Decision-support toolkit for the Alnus (alder) — bark beetle — parasitoid wasp — insectivorous bird ecoepidemic system. AlderIPM-Sim couples a within-season ODE model with an annual discrete map to simulate canopy dieback, parasitoid biocontrol, and bird predation under different management scenarios. It predicts regime shifts, detects early warning signals, fits to field data, and evaluates integrated pest management strategies — available as a Python package, an R package, and a browser-based web app.
| Audience | Component | Install / Launch |
|---|---|---|
| Practitioners, teaching, demos | Web app | Open https://gsinchanpostdoc.github.io/alder-ipm-sim/ — nothing to install |
| Python users, data pipelines, CLI | alder-ipm-sim-py/ |
pip install "git+https://github.com/gsinchanpostdoc/alder-ipm-sim.git#subdirectory=alder-ipm-sim-py" |
| R users, Shiny dashboards, Rmd reports | alder-ipm-sim-r/ |
remotes::install_github("gsinchanpostdoc/alder-ipm-sim", subdir = "alder-ipm-sim-r") |
The three components share the same model, parameter names, and outputs, so a workflow started in the browser can be reproduced verbatim in Python or R. Each in-app "Use in R" / "Use in Python" button exports a snippet pre-filled with the current parameter set.
alder-ipm-sim/
├── alder-ipm-sim-web/ # Browser-only decision-support app (HTML + Plotly; hosted on GitHub Pages)

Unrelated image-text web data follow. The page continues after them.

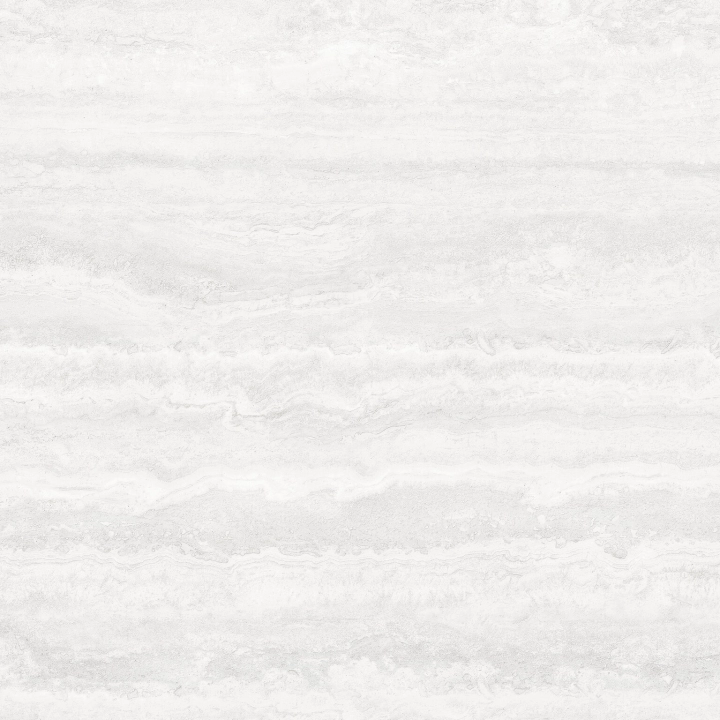 Cifre Firenze Vein White satynowa 120x120 cm gr. 9 mm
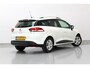 Renault Clio Estate 0.9 TCe Expression 90PK, RIJKLAAR | AIRCO | CRUISE CONTROLE | NAVIGATIE | BLUETOOTH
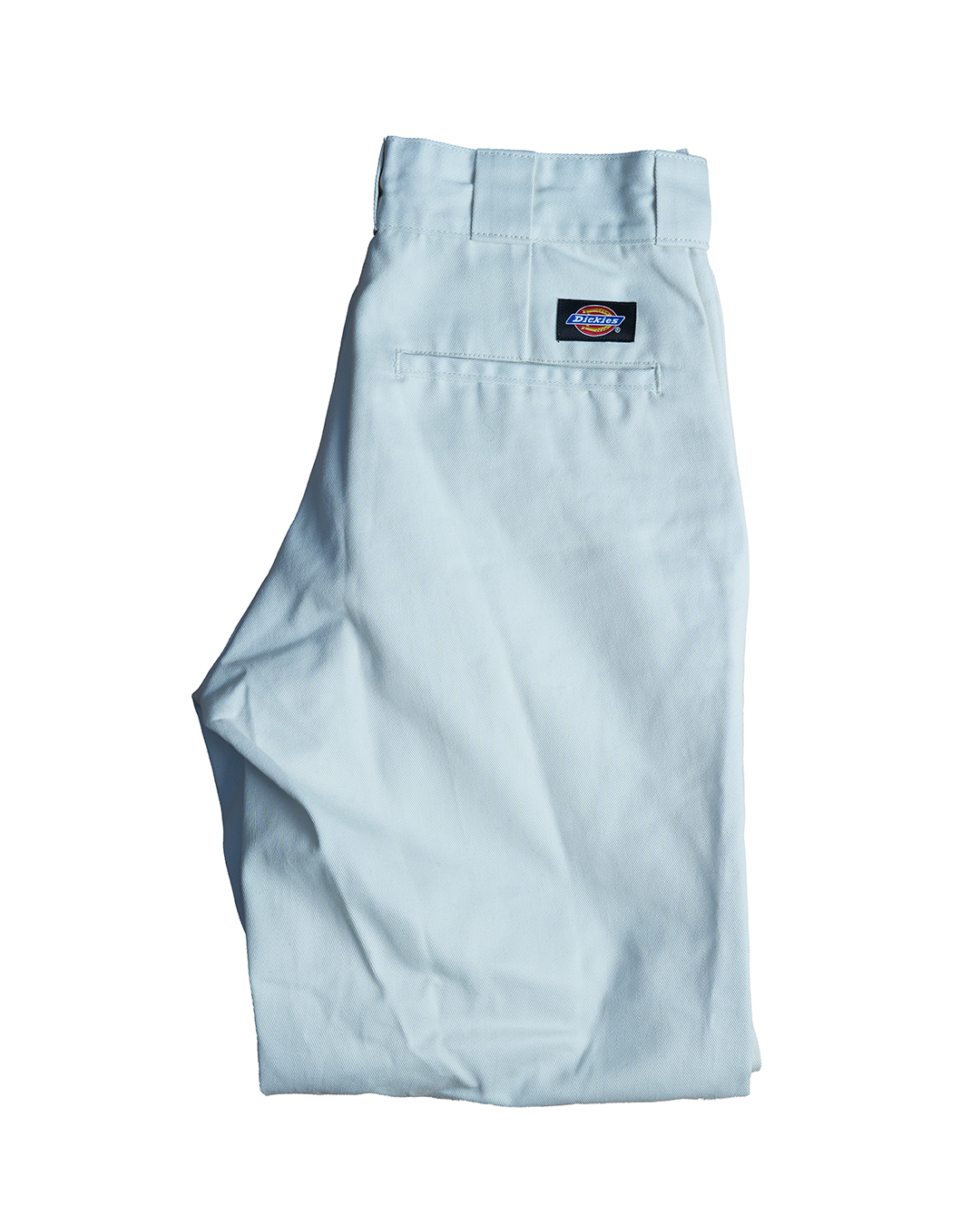 Dickies Pants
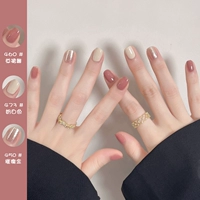 YKC473 Молоко белый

├── alder-ipm-sim-py/ # Python 3 package with CLI and Streamlit dashboard
├── alder-ipm-sim-r/ # R package with Shiny dashboard
├── docs/ # Shared user guides (managers, researchers, conservation)
├── .github/workflows/ # GitHub Pages + CI workflows
└── README.md
Requires Python ≥ 3.9. Install directly from the monorepo:
pip install "git+https://github.com/gsinchanpostdoc/alder-ipm-sim.git#subdirectory=alder-ipm-sim-py"For the Streamlit dashboard and development extras:
git clone https://github.com/gsinchanpostdoc/alder-ipm-sim.git
cd alder-ipm-sim/alder-ipm-sim-py
pip install -e ".[app,dev]"Quick start:
from alder_ipm_sim.model import AlderIPMSimModel
model = AlderIPMSimModel()
traj = model.multi_year_sim(years=50)
print(f"R_P = {model.compute_R_P():.3f}")See alder-ipm-sim-py/README.md for the full API.
Requires R ≥ 4.1. Install directly from the monorepo:
# one-time
install.packages("remotes")
remotes::install_github("gsinchanpostdoc/alder-ipm-sim", subdir = "alder-ipm-sim-r")Or with devtools:
devtools::install_github("gsinchanpostdoc/alder-ipm-sim", subdir = "alder-ipm-sim-r")Quick start:
library(alderIPMSim)
params <- as.list(default_params())
traj <- simulate(params, A0 = 1.0, F0 = 0.5, K0 = 1.712, D0 = 0, n_years = 50)
cat("R_P =", round(compute_RP(params), 3), "\n")Launch the Shiny dashboard:
alderIPMSim::run_app()See alder-ipm-sim-r/README.md for the full API.
The web app is hosted on GitHub Pages and runs entirely in the browser (no server, no account). It covers parameter tuning, multi-year simulation, equilibrium and stability analysis, 1-D and 2-D bifurcation diagrams, parameter fitting to uploaded field-data CSV files, early warning signals (variance, autocorrelation, spectral reddening, Kendall τ), LHS-PRCC sensitivity, basin-stability analysis, and integrated-pest-management control comparison. Each result can be exported as CSV or JSON, and the Use in R / Use in Python header buttons produce copy-paste snippets that reproduce the current configuration in either package.
To run the web app locally:
cd alder-ipm-sim-web
python serve.py # then open http://localhost:8080If you use AlderIPM-Sim in your research, please cite:
@article{alderipmsim2026,
title = {AlderIPM-Sim: Hybrid seasonal-annual modelling and early warning
signals for the Alnus--beetle--parasitoid--bird ecoepidemic system},
author = {Ghosh, Sinchan and colleagues},
journal = {Frontiers in Ecology and Evolution},
year = {2026},
note = {Manuscript submitted}
}MIT License. See alder-ipm-sim-py/LICENSE, alder-ipm-sim-r/LICENSE, and alder-ipm-sim-web/LICENSE.